Following the adoption on 18 May 2021 of a Communication on Business Taxation for the 21st century, the EU Commission issued a draft directive on 22 December 2021 to tackle the misuse of shell entities for tax purposes within the EU.
The EU Commission considers that, despite all of the tax initiatives taken in recent years (such as the anti-tax avoidance directives (ATAD) or the amendments to the directive on administrative cooperation (DAC)), legal entities still remain that have no or only minimal substance, and that perform no actual economic activity. These entities continue to pose a risk of being used for improper tax purposes, such as tax evasion and avoidance.

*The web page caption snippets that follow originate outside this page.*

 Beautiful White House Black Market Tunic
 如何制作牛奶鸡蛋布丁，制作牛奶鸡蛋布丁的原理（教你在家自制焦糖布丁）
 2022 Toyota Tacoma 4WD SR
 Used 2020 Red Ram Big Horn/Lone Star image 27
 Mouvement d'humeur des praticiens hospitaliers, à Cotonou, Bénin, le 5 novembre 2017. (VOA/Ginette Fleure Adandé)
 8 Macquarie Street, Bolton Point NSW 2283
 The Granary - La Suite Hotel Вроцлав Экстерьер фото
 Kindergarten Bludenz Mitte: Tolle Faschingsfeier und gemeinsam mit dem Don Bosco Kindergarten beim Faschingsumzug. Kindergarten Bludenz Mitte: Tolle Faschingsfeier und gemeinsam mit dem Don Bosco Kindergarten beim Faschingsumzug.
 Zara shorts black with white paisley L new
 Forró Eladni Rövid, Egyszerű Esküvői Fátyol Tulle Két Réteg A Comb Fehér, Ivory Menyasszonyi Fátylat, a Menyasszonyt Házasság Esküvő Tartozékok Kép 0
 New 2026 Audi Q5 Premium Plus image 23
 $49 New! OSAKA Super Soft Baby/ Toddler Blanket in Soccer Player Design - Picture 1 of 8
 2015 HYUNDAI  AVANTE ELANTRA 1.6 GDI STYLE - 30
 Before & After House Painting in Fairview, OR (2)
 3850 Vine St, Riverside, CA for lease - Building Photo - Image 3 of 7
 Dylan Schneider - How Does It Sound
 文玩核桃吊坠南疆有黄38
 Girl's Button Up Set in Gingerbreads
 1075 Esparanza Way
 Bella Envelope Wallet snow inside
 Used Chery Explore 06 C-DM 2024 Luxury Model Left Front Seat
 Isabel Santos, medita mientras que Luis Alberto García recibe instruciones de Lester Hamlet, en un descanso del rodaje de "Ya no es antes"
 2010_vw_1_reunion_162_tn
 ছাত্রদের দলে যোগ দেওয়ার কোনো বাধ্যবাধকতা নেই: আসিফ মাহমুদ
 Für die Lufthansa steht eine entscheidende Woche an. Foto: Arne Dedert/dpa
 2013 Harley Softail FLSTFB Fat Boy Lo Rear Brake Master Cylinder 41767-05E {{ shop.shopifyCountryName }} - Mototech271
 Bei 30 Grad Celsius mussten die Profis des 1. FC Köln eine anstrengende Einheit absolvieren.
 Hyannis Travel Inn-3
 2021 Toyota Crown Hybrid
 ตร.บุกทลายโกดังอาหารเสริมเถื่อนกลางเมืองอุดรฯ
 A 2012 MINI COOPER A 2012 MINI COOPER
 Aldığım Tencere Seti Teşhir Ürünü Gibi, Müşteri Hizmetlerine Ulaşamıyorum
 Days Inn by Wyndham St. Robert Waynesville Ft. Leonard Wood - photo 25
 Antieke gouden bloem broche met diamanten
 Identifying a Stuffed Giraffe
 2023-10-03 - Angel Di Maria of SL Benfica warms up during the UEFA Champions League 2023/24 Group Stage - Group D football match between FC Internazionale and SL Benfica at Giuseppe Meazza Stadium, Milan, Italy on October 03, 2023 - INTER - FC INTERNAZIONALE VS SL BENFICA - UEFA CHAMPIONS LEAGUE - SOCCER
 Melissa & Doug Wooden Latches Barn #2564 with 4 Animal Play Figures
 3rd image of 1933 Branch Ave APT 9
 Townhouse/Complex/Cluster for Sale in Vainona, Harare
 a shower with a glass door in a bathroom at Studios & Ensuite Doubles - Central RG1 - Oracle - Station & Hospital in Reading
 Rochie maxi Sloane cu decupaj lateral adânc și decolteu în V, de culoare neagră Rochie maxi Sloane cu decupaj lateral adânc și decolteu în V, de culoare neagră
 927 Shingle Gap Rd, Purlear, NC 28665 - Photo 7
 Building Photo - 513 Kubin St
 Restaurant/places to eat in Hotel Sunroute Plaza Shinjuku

The Unshell Proposal introduces measures to prevent the misuse of shell entities, and provides a multi-step test to facilitate their identification. It also introduces an automatic exchange of information on all in-scope entities by amending Directive 2011/16/EU (DAC). The proposed measures can be summarised as follows:
1. Reporting obligations
On the basis of a self-assessment, if an entity considered tax resident in a Member State passes the following three gateways but does not qualify for a derogation (step 1), it must report whether it meets indicators of minimum substance (and show supporting evidence) (step 2) on its annual tax returns filed with the competent authorities of the relevant Member State(s).
Step 1: the three gateways, which can be summarised as follows:
- More than 75% of the entity’s revenues in the previous two tax years is “relevant income”, i.e.:
a) interest or any other income generated from financial assets, including certain crypto assets;
c) dividends and income from the disposal of shares;
d) income from financial leasing;
e) income from immovable property;
f) income from movable property, other than cash, shares or securities, held for private purposes and with a book value of more than €1 million;
g) income from insurance, banking and other financial activities;
h) income from services which the entity has outsourced to other associated enterprises;
more than 75% of the total book value of the entity’s assets are (i) real estate assets and movable property (other than cash, shares or securities, held for private purposes and with a book value of more than €1 million) or (ii) shares.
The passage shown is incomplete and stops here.